All indexes going stale and staying stale

Kenneth Truyers

unread,

Oct 2, 2014, 10:55:12 AM10/2/14

to rav...@googlegroups.com

After I added two indexes (which worked correctly on a local database) all indexes are going stale and they are staying stale.

I'm not sure how to troubleshoot this. This is what I've done and what happend:

Added the new indexes => showed 2 indexes stale out of 32 (normal)
After a few minutes => 32 indexes stale (no new documents were added in the meantime)
After half an hour we restarted IIS and it started again with 2 stale indexes, a few minutes later, all 32 indexes were stale again and now, several hours later, they are still stale

Trying this on the local db succeeded without a problem. The only difference is the amount of documents in the database (+- 100.000 versus 1.000.000). These indexes could be quite slow due to a heavy map/reduce.

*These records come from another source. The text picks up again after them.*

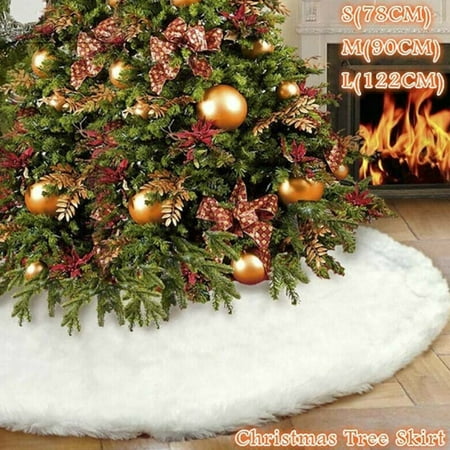 Long Plush White Snowflake Christmas Tree Skirt Base Floor Mat Cover Decor, 31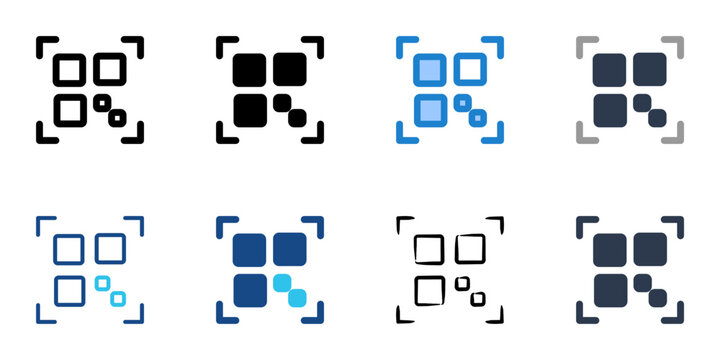 QR code icons set multiple style collection. Editable stroke 
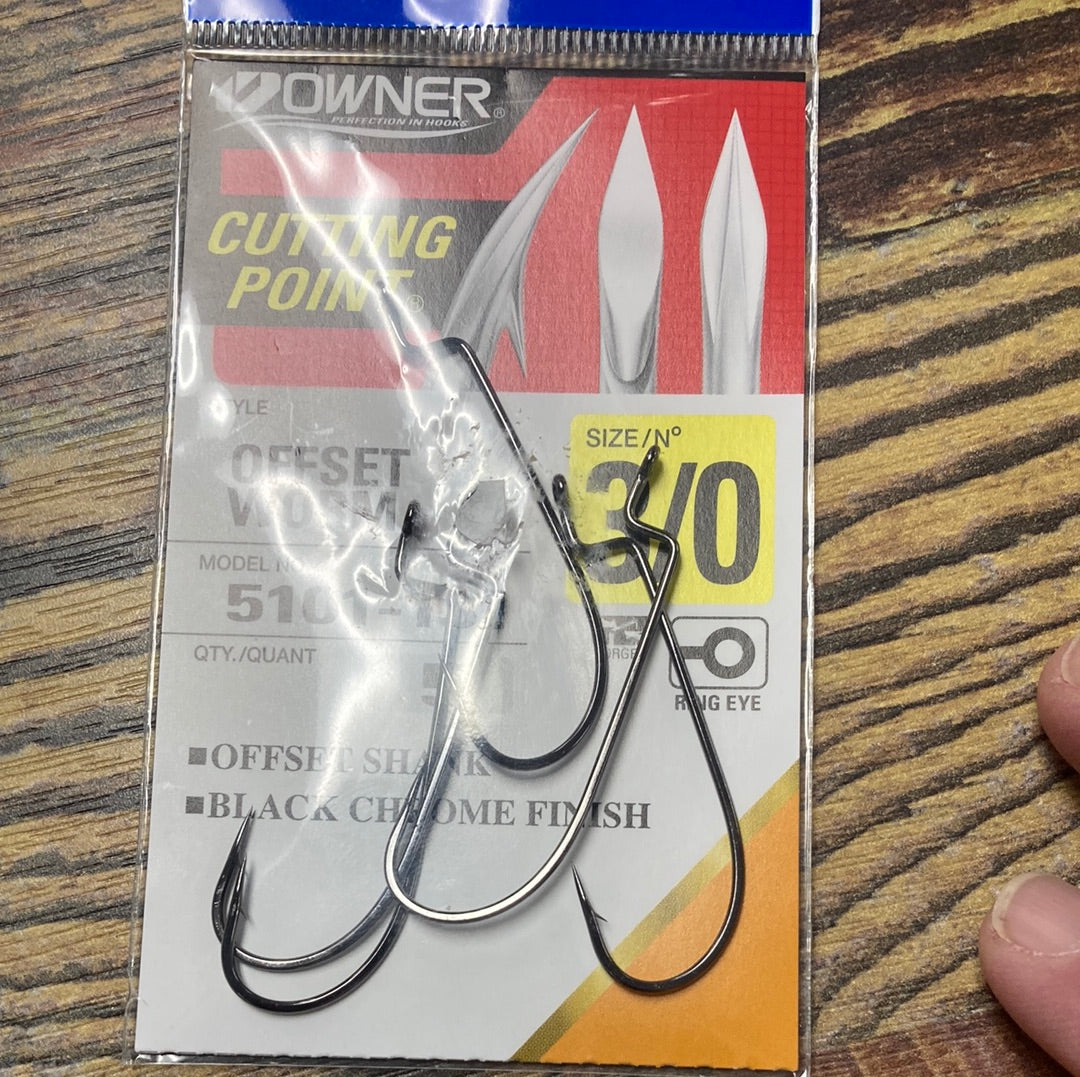 Owner Offset Worm Hook 3/0 Chrome Black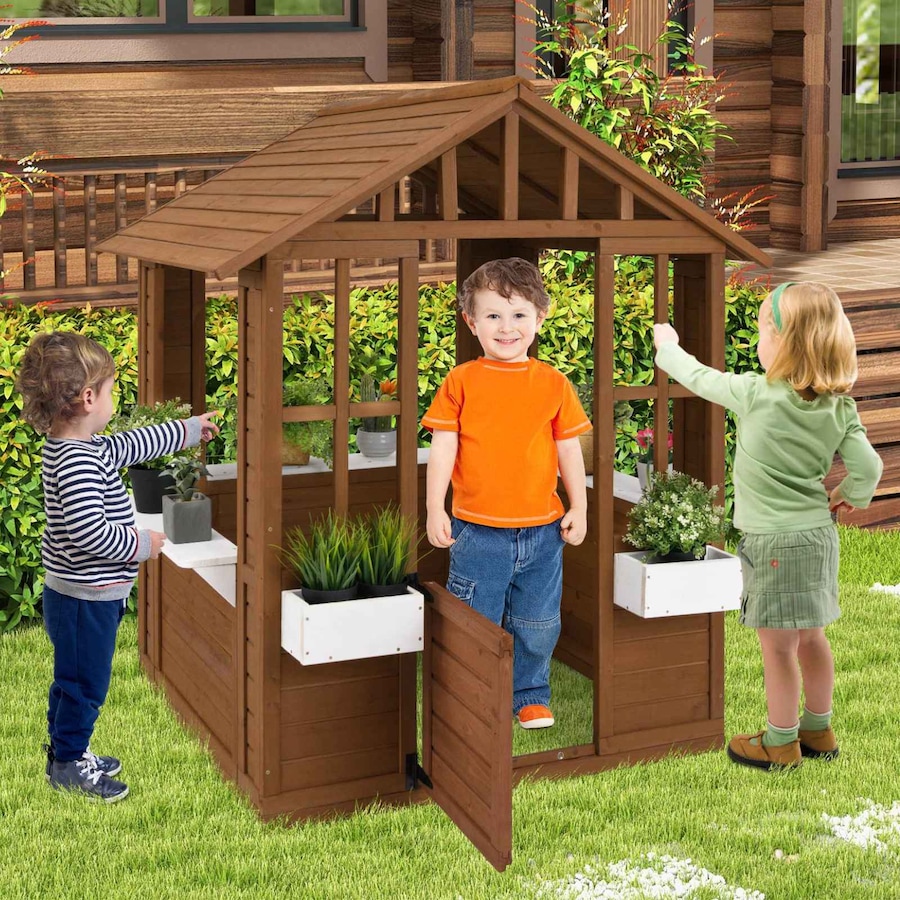 Costway Outdoor Cubby House Wood Playhouse Adventure Cottage Pretend Play Game Activity Center Role Play Toy Gift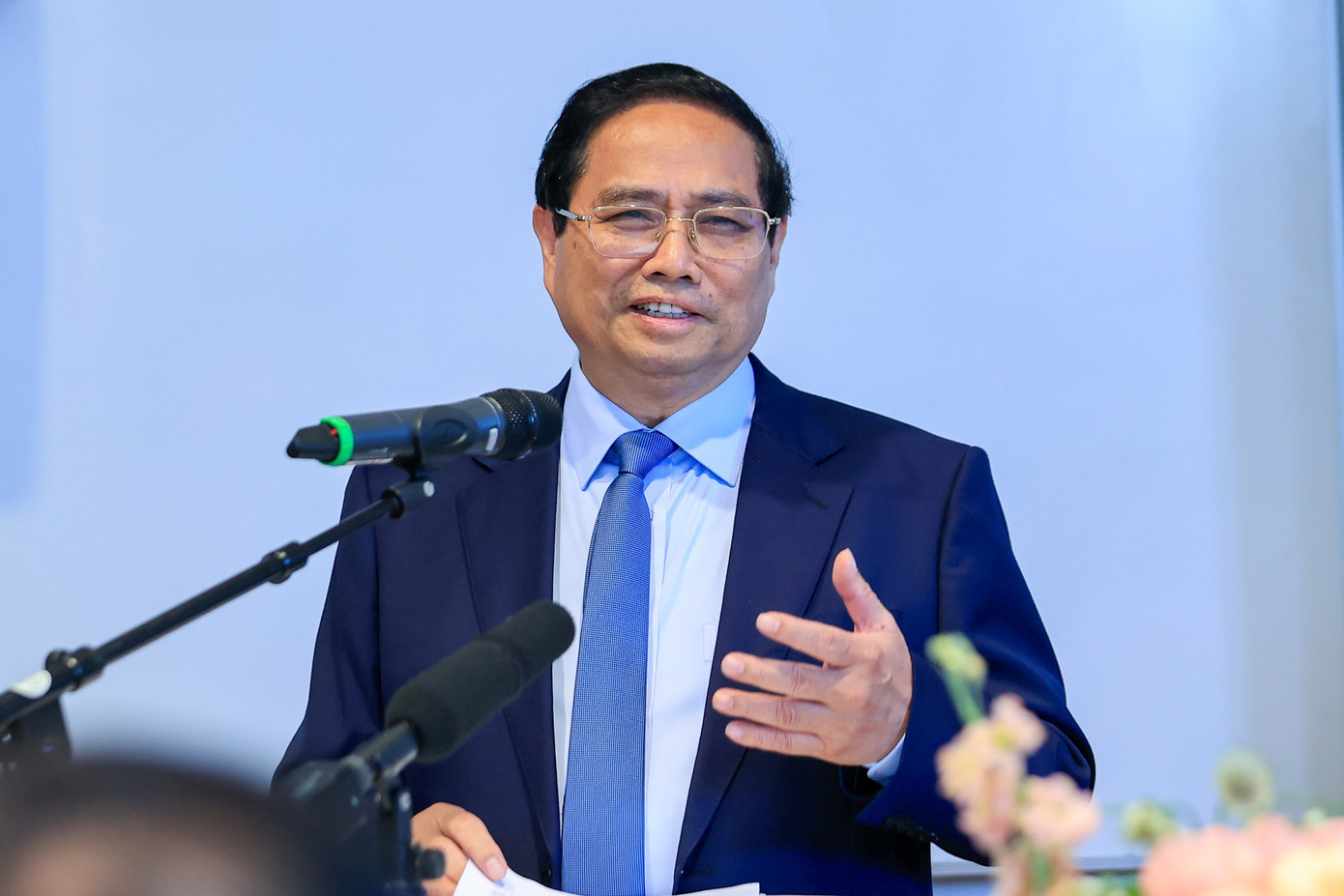 Thủ tướng Phạm Minh Chính phát biểu tại Đại học Kinh tế Stockholm. Ảnh: VGP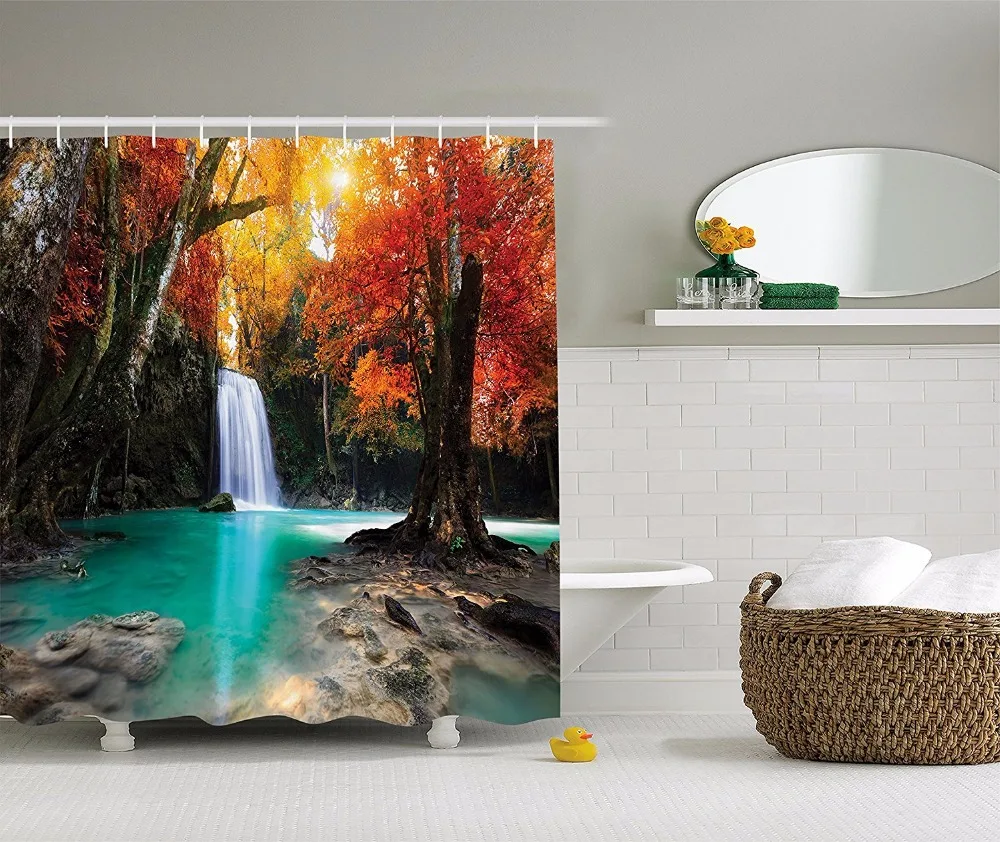 High Quality Arts Shower Curtains Deep Forest Waterfall Runoff Autumn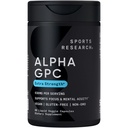 Sports Research® Alpha GPC 630mg (Extra Strength) - Bioavailable Source of Choline - Focus & Cognitive Support for Women & Men - Vegan Certified · Non-GMO · Gluten Free - 60 Liquid Capsules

Any idea on how to troubleshoot this problem, where to look, ...?

Vlad Kosarev

unread,

Oct 2, 2014, 11:48:11 AM10/2/14

to rav...@googlegroups.com

Check your admin endpoint - http://dbserver/databases/dbname/stats and see what's happening in there to prefetches and indexing. That should give you an idea.

For us slowness is due to extremely slow prefetches. So even though an index might only touch 1 document, prefetch has to load every document in the database (in your case 1 mil) and that can take a while. Once documents are loaded indexing is extremely fast but that's irrelevant to total time your db is 'down'.

Kenneth Truyers

unread,

Oct 2, 2014, 12:08:49 PM10/2/14

to rav...@googlegroups.com

Thanks.

I've been looking into this, but I'm not sure what to gather from this data.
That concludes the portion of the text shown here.